La Prière des Mères, ou comment (re)découvrir la puissance de la prière

Il n’y a pas de cas trop difficile pour le Seigneur ! « Etre maman – a dit le Pape François dans sa catéchèse du mercredi 17 septembre– signifie faire face, pour ses enfants ».

Devant le désarroi des mères face aux difficultés, accidents, maladies ou mauvais choix de leurs (grands) enfants, il y a toujours la prière d’un cœur aimant. Mais comment prier seule quand on porte de si lourds fardeaux ? Dieu a répondu en suscitant la « Prière des Mères ». Gros plan sur ce mouvement qui ne fait pas de bruit mais où Dieu soulage, apaise les cœurs et fait des miracles. Dans l’Oise, existe déjà une multitude de groupes, en ville ou à la campagne, allons à leur découverte.

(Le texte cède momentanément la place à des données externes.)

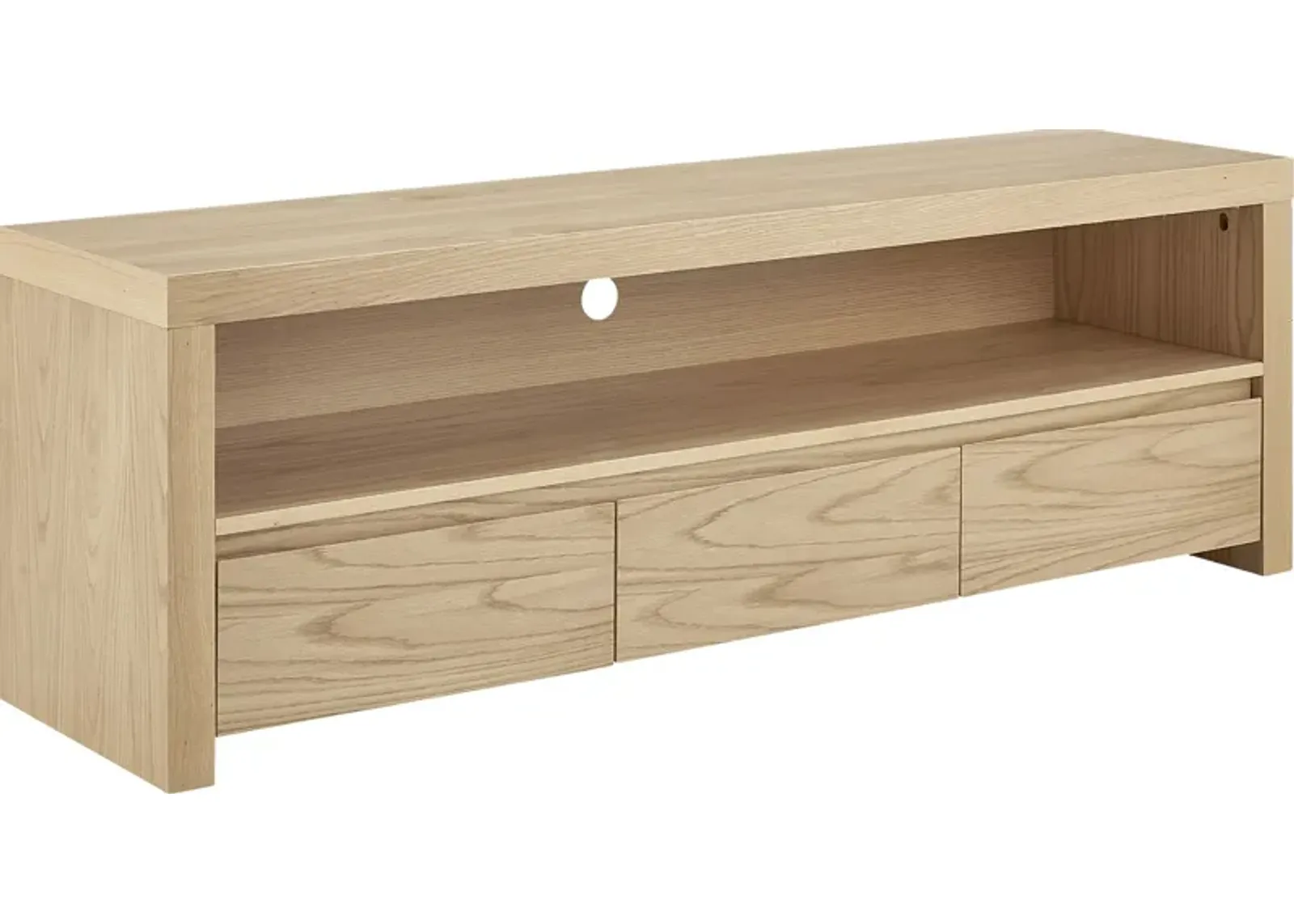 Reynaud Oak 59 in. Console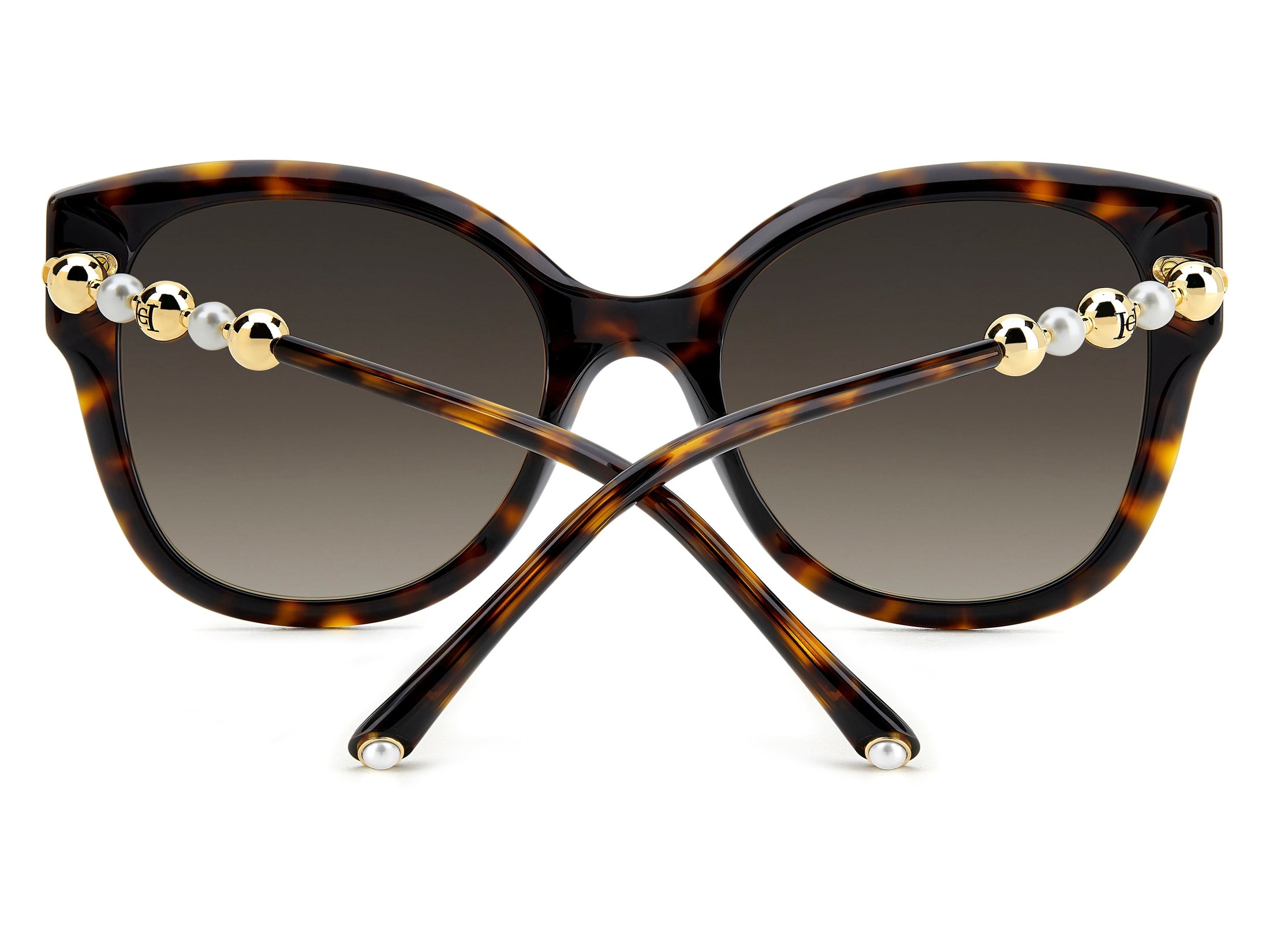 Carolina Herrera Square Sunglasses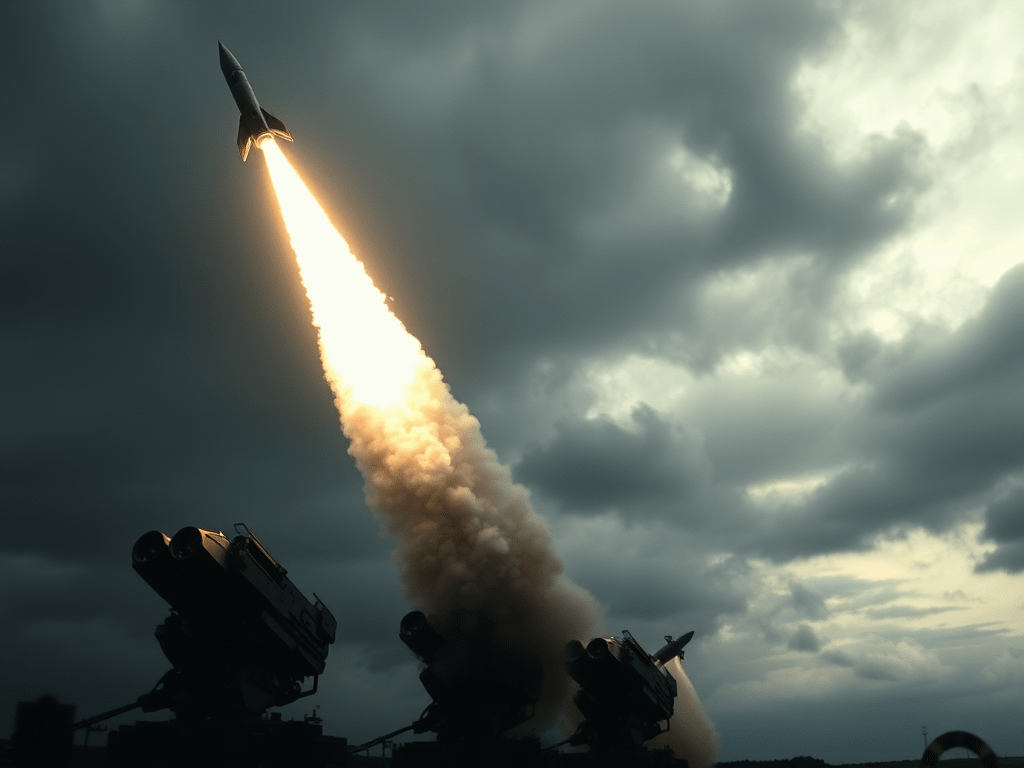 Biden: Ok all’uso di missili Storm Shadow contro la&nbsp;Russia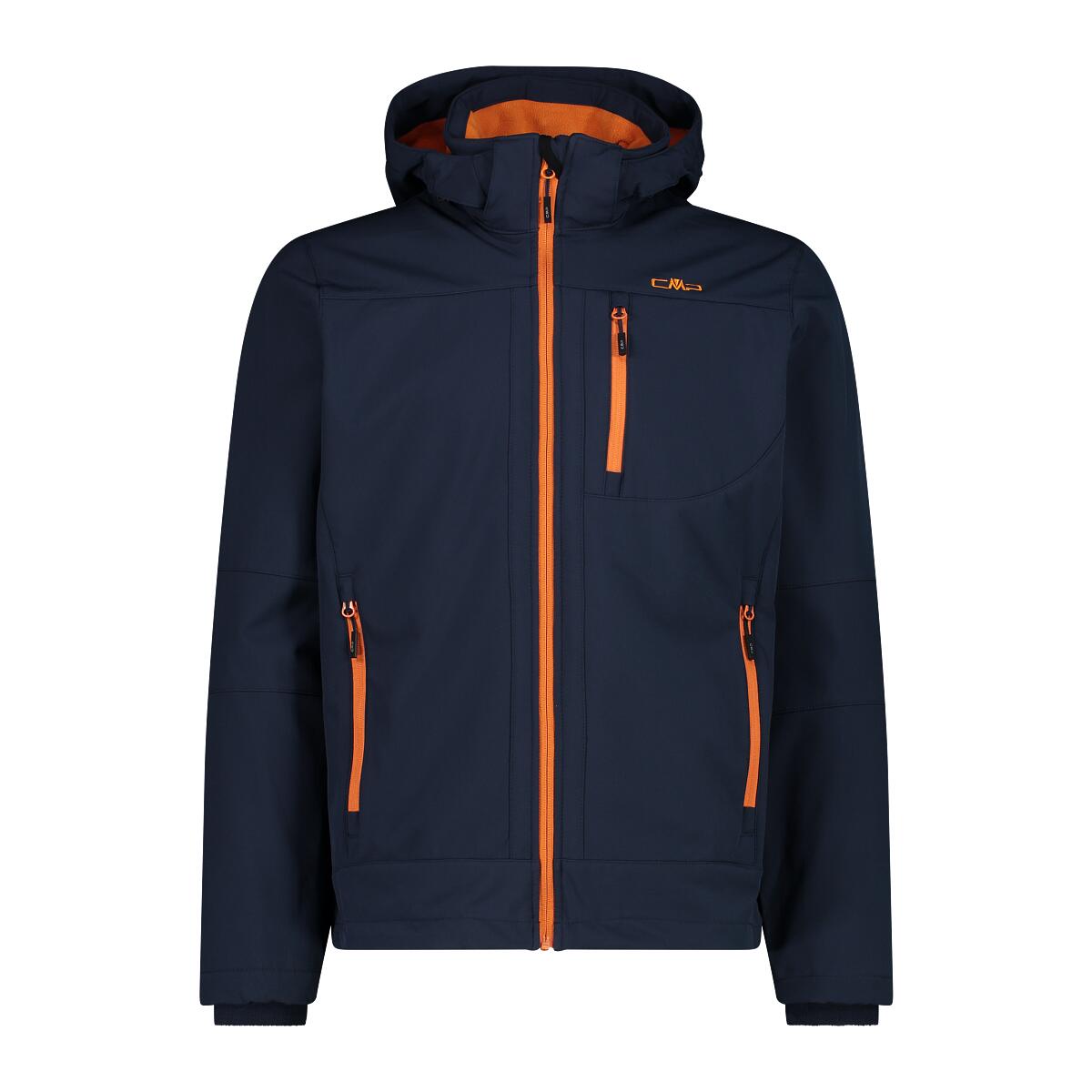 Kurtka męska turystyczna CMP 3A01787N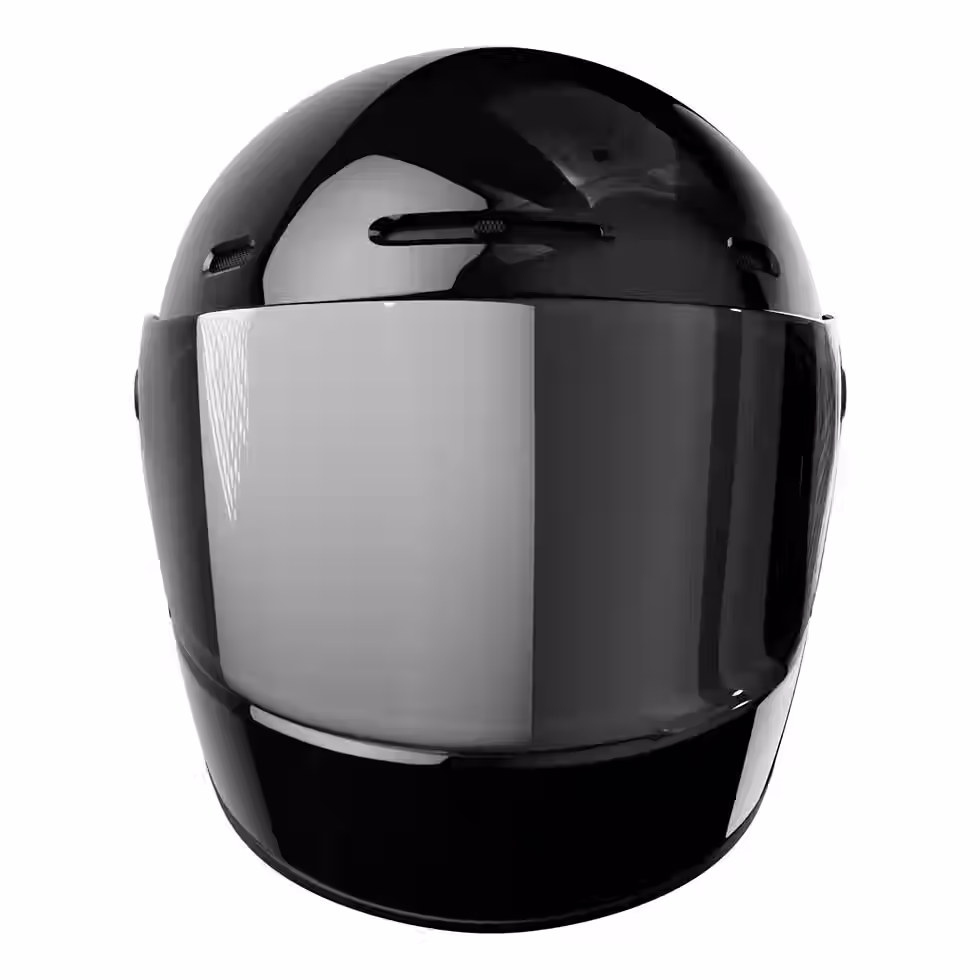 Miniaturbild: Capacete John Doe JD/ONE helmet glossy black
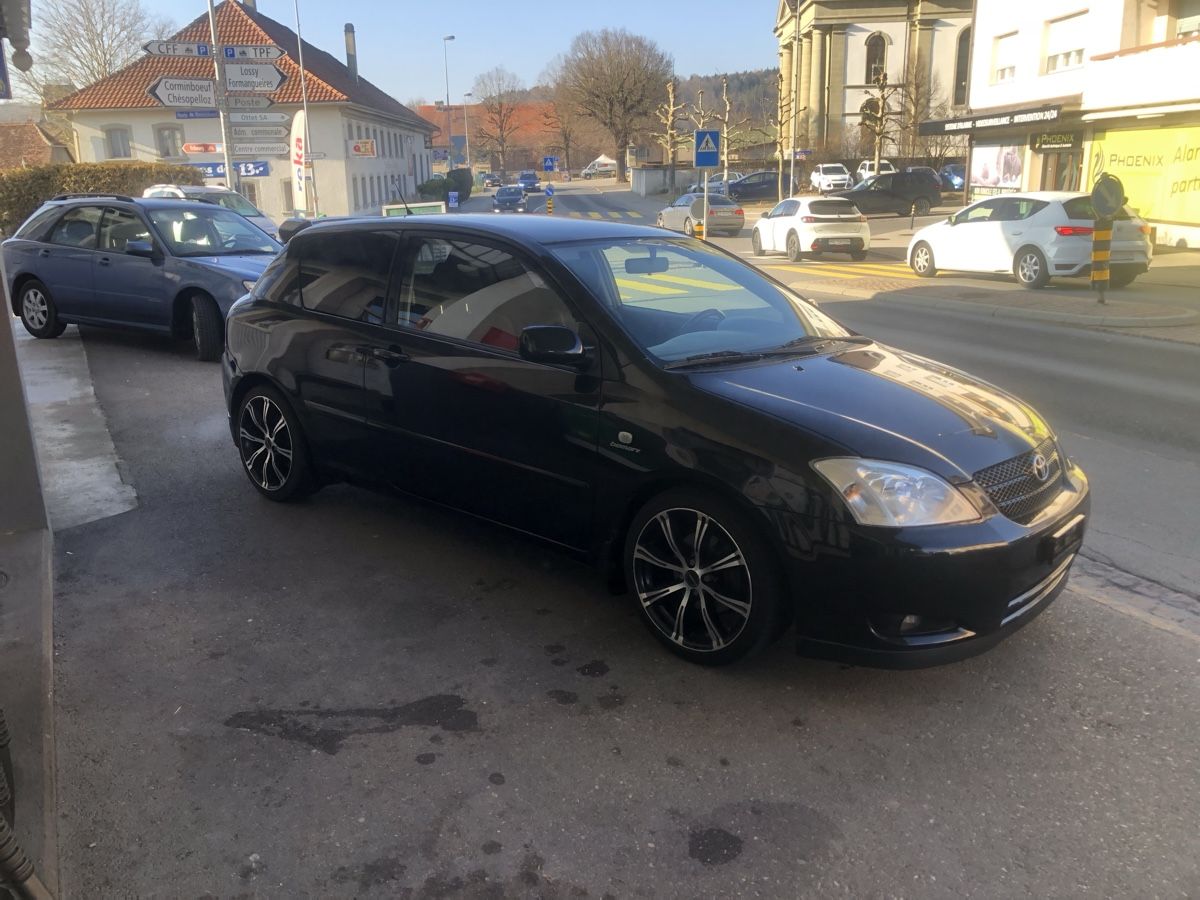 Toyota Automobili: Toyota corolla 1.8Ts Bemani – Usato da Lossy venduto da Bmwpassion 2
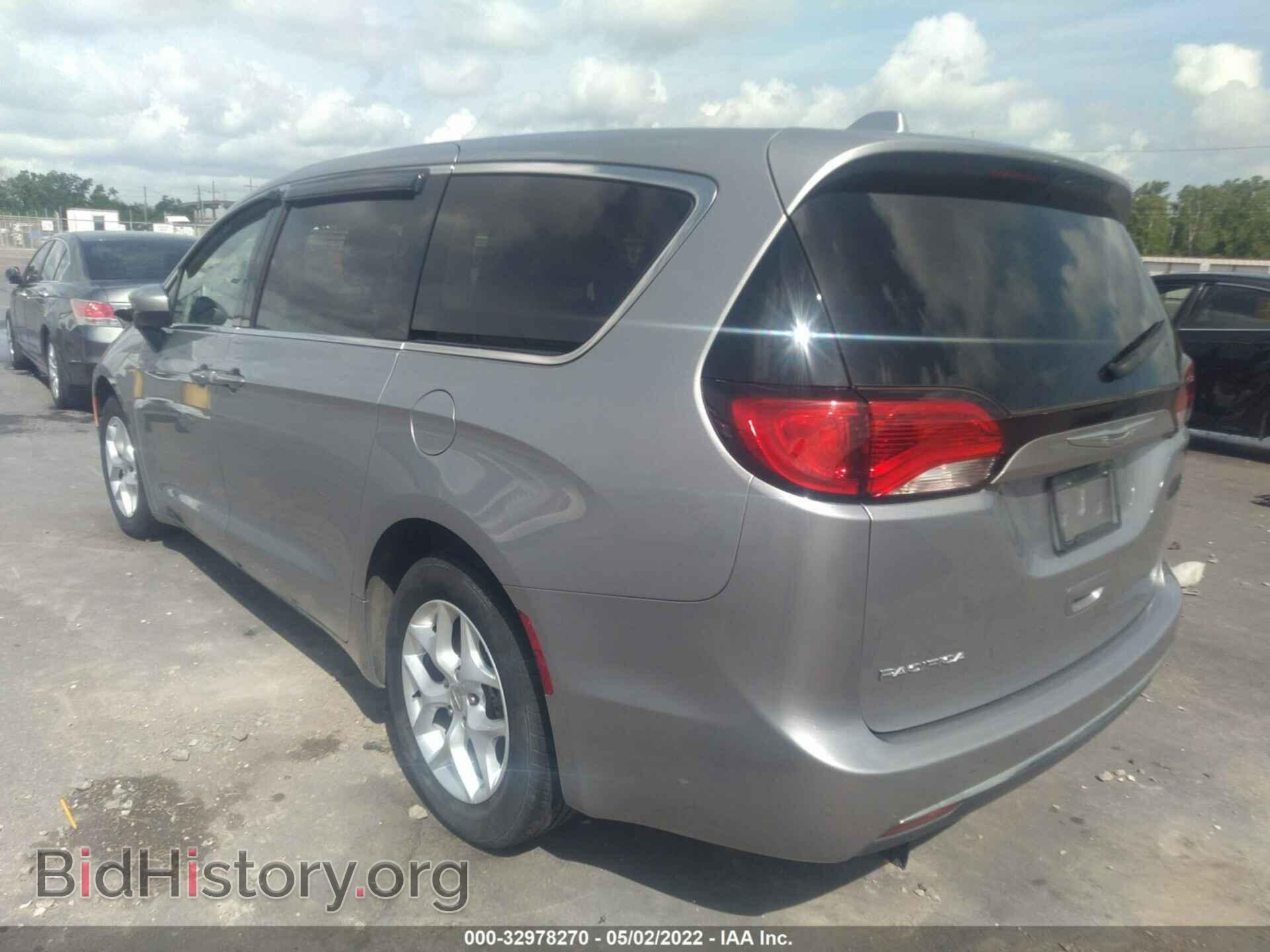 2017 CHRYSLER PACIFICA - VIN: 2C4RC1BG2HR823965 - Photo 3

L’origine de la Prière des Mères….

Il y a juste 18 ans, en Novembre 1995, Veronica Williams, une catholique anglaise déjà grand-mère, est bouleversée par un rapport qu’elle prépare avec un groupe œcuménique à destination du parlement britannique : violence, drogue, alcool, pornographie et abus, touchants les enfants et les jeunes. Sa belle-sœur Sandra, mère de 8 enfants et femme de diacre, reçoit un même appel : elles commencent alors à prier pour discerner comment donner suite à cette intuition. La « Prière des Mères » est née. Véritable cadeau du bon Dieu, ce mouvement n’a jamais été « lancé » par sa fondatrice,  mais se répand aujourd’hui dans la discrétion et la simplicité, dans plus de 100 pays du monde. Le livret de prière est déjà traduit en  40 langues dont le coréen, l’arabe, le russe et le japonais.

Dans l’hexagone, plus de 2000 groupes sont répertoriés auprès de l’antenne française de la Prière des Mères, Boulevard Lannes à Paris. La spiritualité de la Prière des Mères est celle de l’abandon et du lâcher prise. Elle s’appuie sur cette Parole : « Venez à Moi, vous tous qui peinez sous le poids du fardeau, et Moi je vous soulagerai » St Matthieu 11,28 ; les mères déposent souffrances et angoisses au pied de la croix, sûres qu’Il agira, à Sa façon et en Son temps. D’origine catholique ce mouvement sert à l’unité des chrétiens ; il a reçu le soutien de nombreux prêtres et évêques (le Cardinal Barbarin, Mgr Rey, Mgr Minnerath, Mgr Jaeger …) et du Conseil Œcuménique des Eglises à Genève. La fondatrice Véronica Williams, a été plusieurs fois reçue au Vatican où elle a reçu tous les encouragements. Dans certains pays d’origine protestante ou orthodoxe, la prière des mères est vécue de la même façon.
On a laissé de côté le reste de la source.